De manera cíclica, en distintos momentos y en diferentes gobiernos, desde la Secretaría de Educación se ha intentado imponer en los centros educativos públicos y privados, proyectos tendientes a formar a los educandos en lo relacionado con el uso de su sexualidad, con el fin primordial de evitar los casos de niñas y adolescentes que resultan embarazadas debido aun inicio precoz de su vida sexual activa.
La intención, sin duda, es buena. Duele ver a cientos, miles en realidad, de niñas, que deberían estar dedicadas a sus estudios y gozando todavía de su infancia, convertidas en madres.
Esta situación no solo afecta su desarrollo psíquico, afectivo y social, sino al de la criatura que crecerá en un contexto, nos guste o no, anómalo. Evidentemente, algo debe hacerse.
Es necesario que tanto las niñas como los niños tengan clara conciencia de lo que sucede en su cuerpo y en su mente en la medida en que se van desarrollando, de las responsabilidades que ese proceso de maduración contrae y de los cuidados que deben tener para evitar un desbordarse de su capacidad generativa, en circunstancias en las que no se poseen las condiciones personales y ni se está en las circunstancias para convertirse en padres o en madres.

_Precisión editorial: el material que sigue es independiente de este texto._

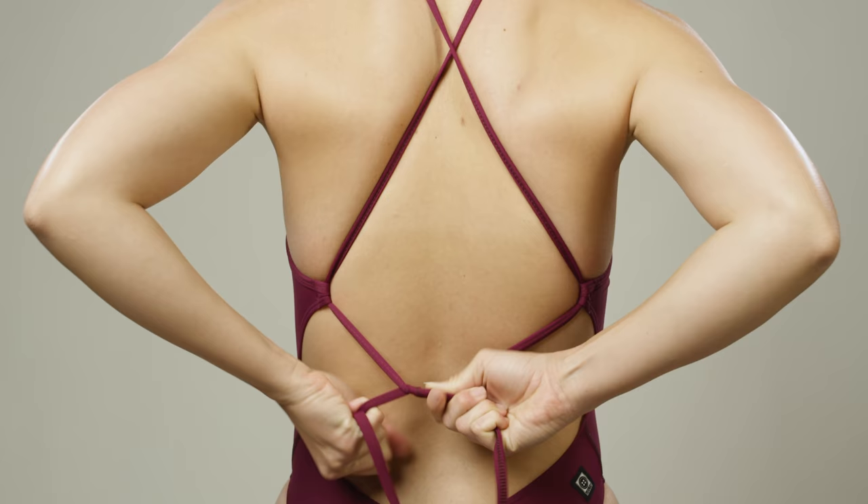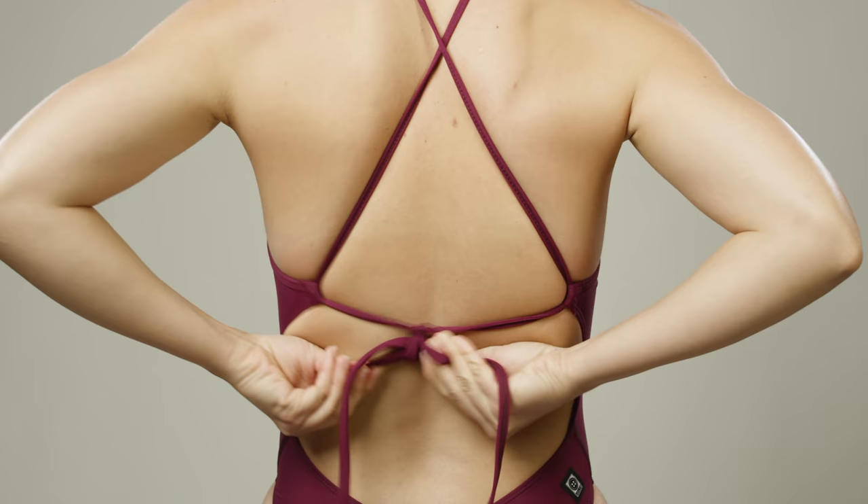Finally, tie the straps into a bow and pull the knot tight. We recommend a three to four inch loop as well as double knotting for maximum hold.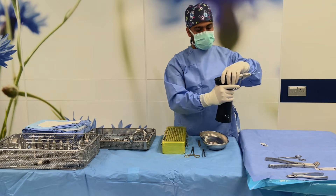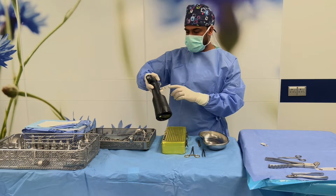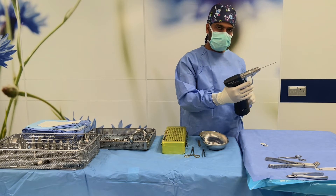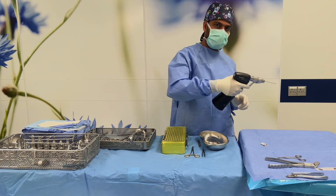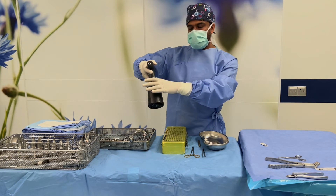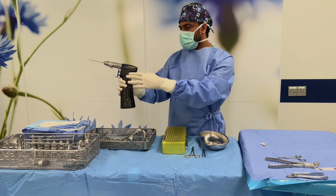When you handle this K-wire, be careful — it is sharp. When you handle it, you need to use tape. After you connect the K-wire and put in the battery, check that it's working. When you check it, don't point it at anyone — point it down and check. Also, when handing it to the surgeon, hold it like this so the surgeon can receive it easily.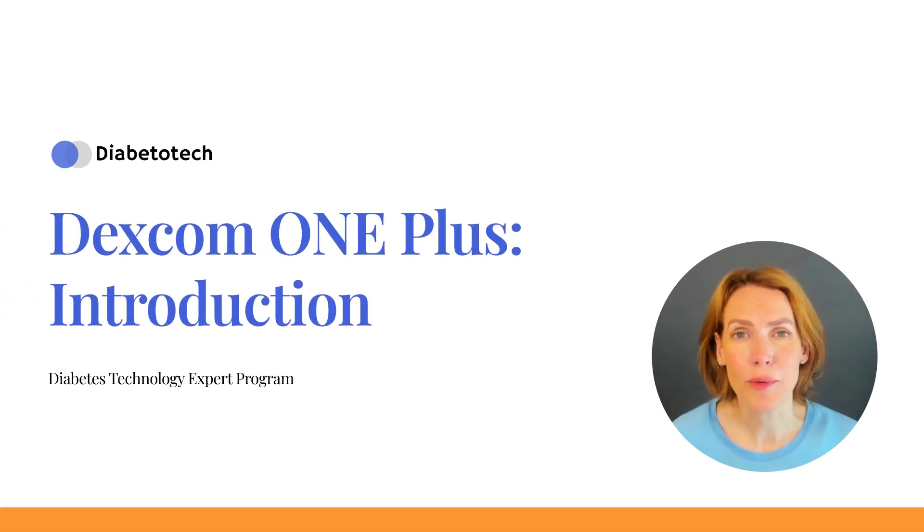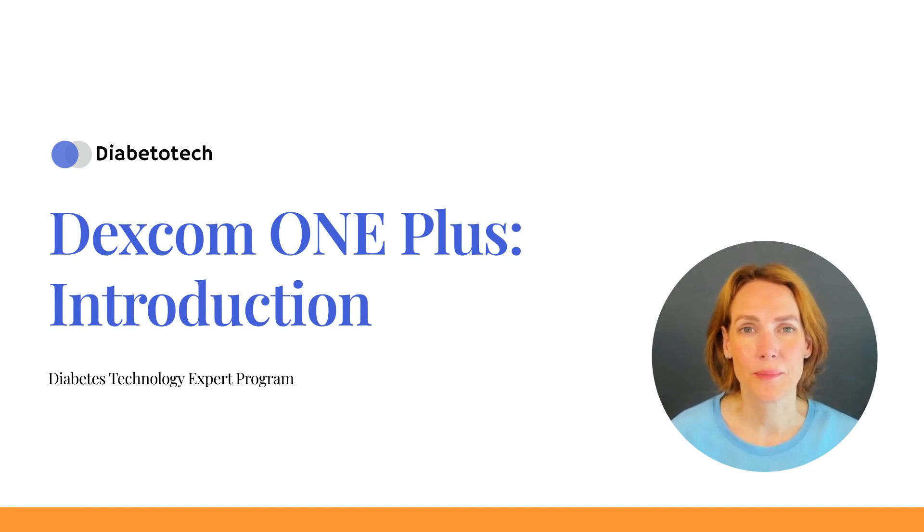Welcome to this video on the Dexcom One Plus, a continuous glucose monitor that can greatly improve your diabetes management. In this chapter, we will explore the key features of the Dexcom One Plus and how to maximize its benefits. Let's dive in!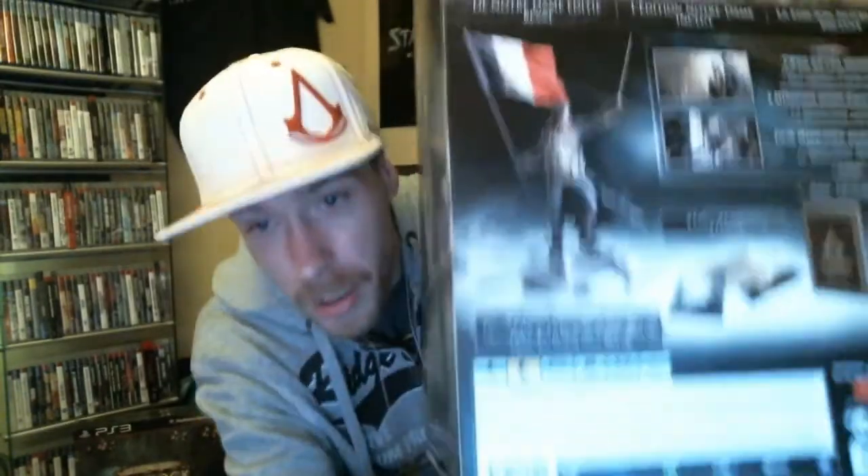This is the box. As you can see it's quite big, as there's a figurine inside which is approximately 40 centimeters. I'm gonna show you the box, the gargoyle, and the back of the box.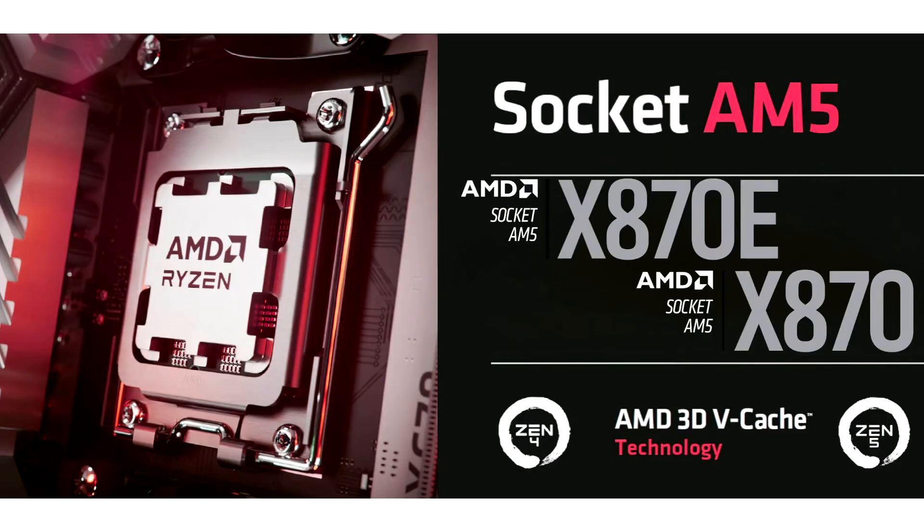AMD's X870E and X870 AM5 motherboards are set to launch on 30th September, featuring USB4 support and upgraded designs. The high-end, first 800-series AM5 motherboards will launch in late September, close to the Ryzen 9000 X3D introduction.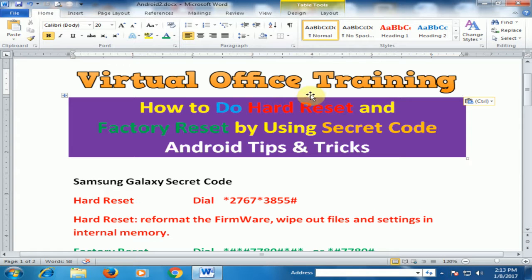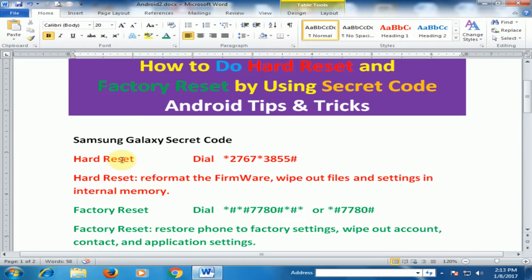Welcome to the virtual office training. Today we will learn how to do hard reset and factory reset using secret codes on Samsung Galaxy mobile. If you want to hard reset, just dial *2767*3855# — it will reformat the firmware and wipe out the files and settings in internal memory.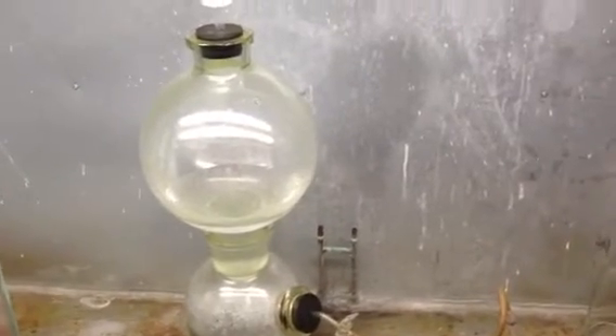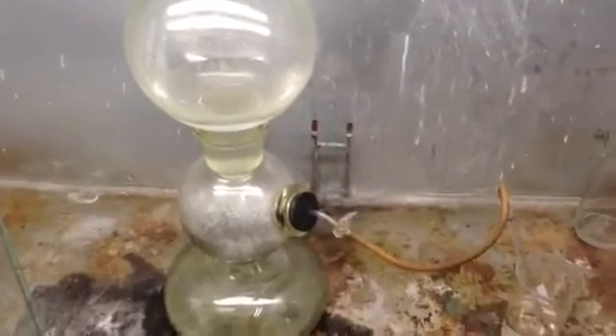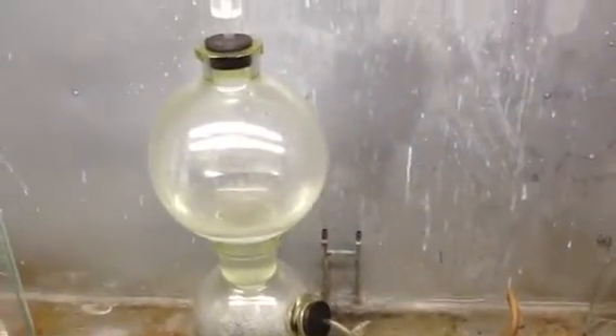Before gas was in compressed bottles, you would have to make it on demand, and you would do it with the Kipp's generator.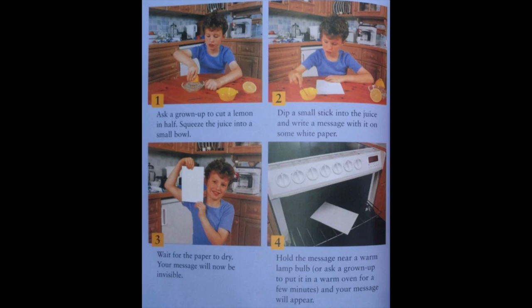Hold the message near a warm lamp. Or ask a grown-up to put it in a warm oven for a few minutes. And your message will appear.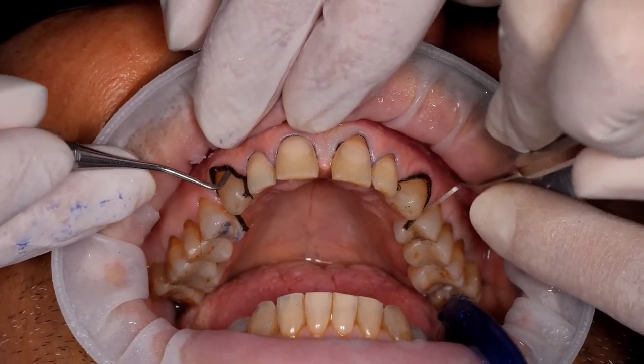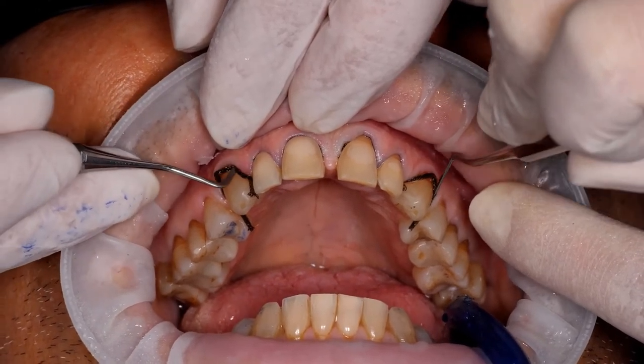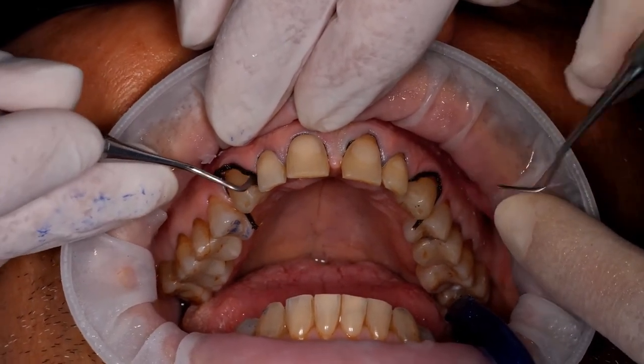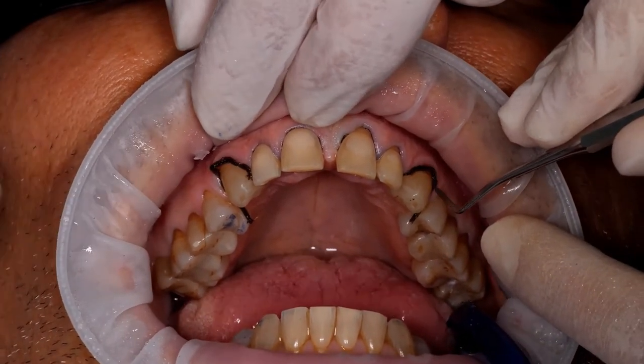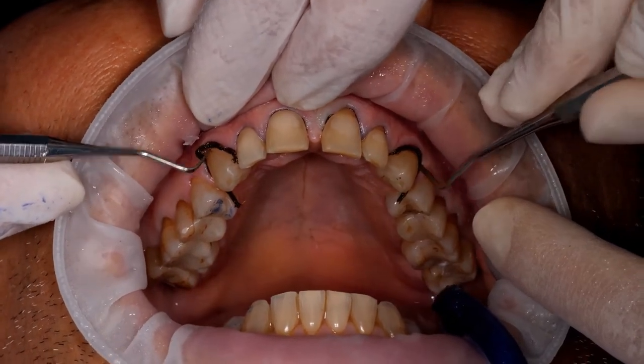Dr. Fredani, here in the molar we have a minimal sulcus, so it's difficult even to place the cords on the surface. Clearly, you mustn't push them in — you must place them very lightly. And if they won't get in, leave them outside. The cord is used just as a hemostatic, not to expand the sulcus.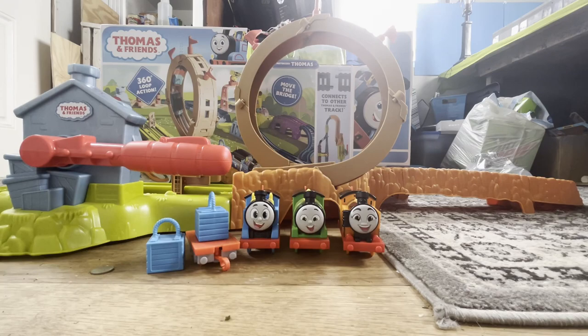I just noticed that Nia and Thomas are almost exactly the same size. Proportions are better on Nia. Guys, this is an awesome set. I really hope you guys can pick it up yourselves.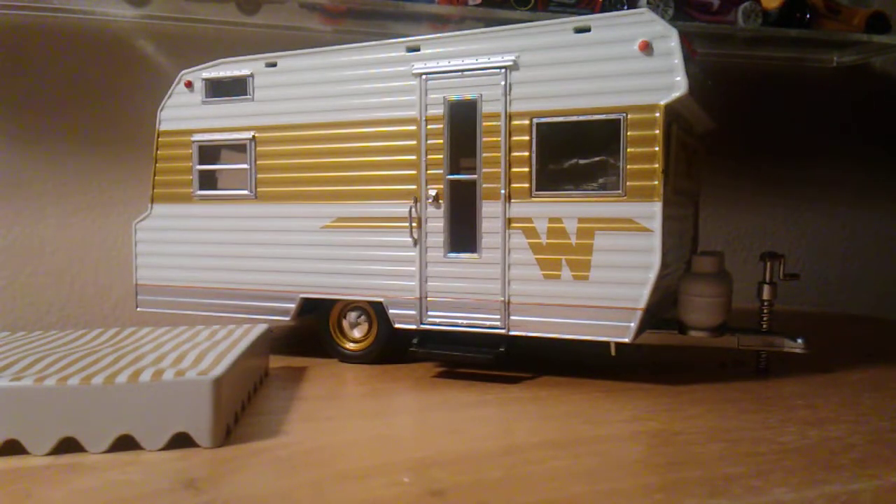Hello Hot Wheels and Matchbox car collectors! Today I have a pretty interesting video of a camping trailer. This camping trailer is not a Hot Wheels or Matchbox trailer — it is actually a Green Light trailer. It is a pretty Green Light item.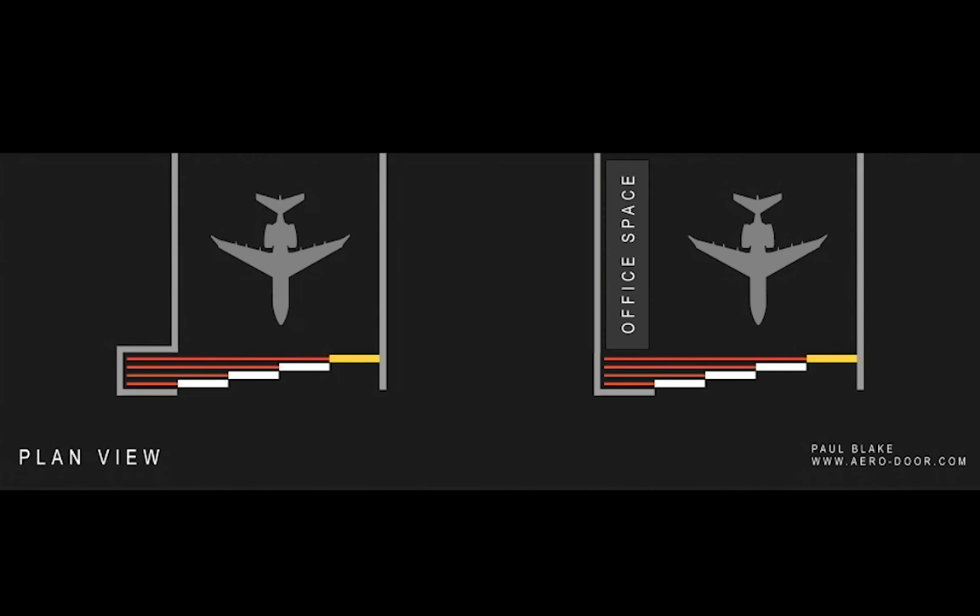Let me go through what we are looking at here. We will focus on the hangar on the left side. This is a planned view of an aircraft hangar. We have the plane, we have these red lines that symbolize the door tracks, and these rectangular shapes are the door leaves. The one that is yellow is the one that contains the motor and the control panel.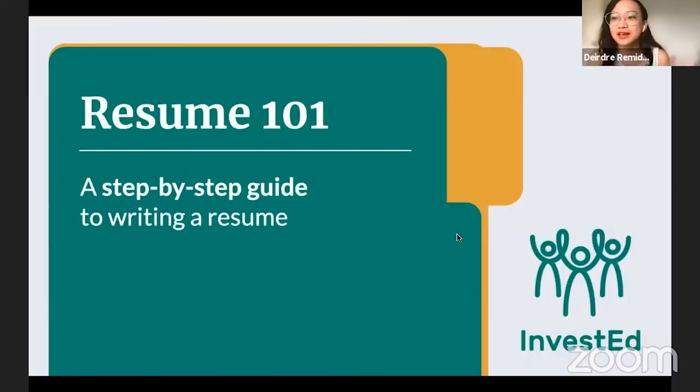In today's workshop, like Kim said, we encourage you to bring out your resume so that you can edit along with us, because this is going to be a step-by-step guide to writing a resume. As you see things that you can already edit, you can mark it up or change it as we go along.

Sin embargo, esta educación que no solo debe incluir contenidos anatómicos y biológicos; que no solo debe explicar el funcionamiento de los genitales, sino ser mucho más abarcadora, y debe tener también componentes antropológicos, e, incluso, espirituales, no puede ni debe impartirse a espaldas de las familias.
El tema es tan delicado, tiene unas consecuencias tan graves en la vida de los infantes, que para que la formación que sobre el se dé sea realmente efectivo y logre cumplir con su cometido, debe contar con el visto bueno y el apoyo de los padres de los niños a los que se dirige.
Se argumenta que los padres no poseen los conocimientos ni la formación indispensable para educar a sus propios hijos en la naturaleza y el buen uso de su sexualidad, pero se olvida que tampoco los docentes, que son padres y madres de familia, por cierto, tienen del todo las cosas claras y que tampoco puede asegurarse su rectitud de intención cuando comparte ideas y contenidos de esta naturaleza con sus estudiantes.
Hace falta un diálogo abierto y sincero, como en tantas cosas en este país, para concertar en un asunto tan importante y urgente. Porque la imposición se convertirá en otra fuente de conflicto en una sociedad que ya bastantes tiene. Y en ese diálogo, por supuesto, los padres y madres de familia legítimamente representados, son protagonistas.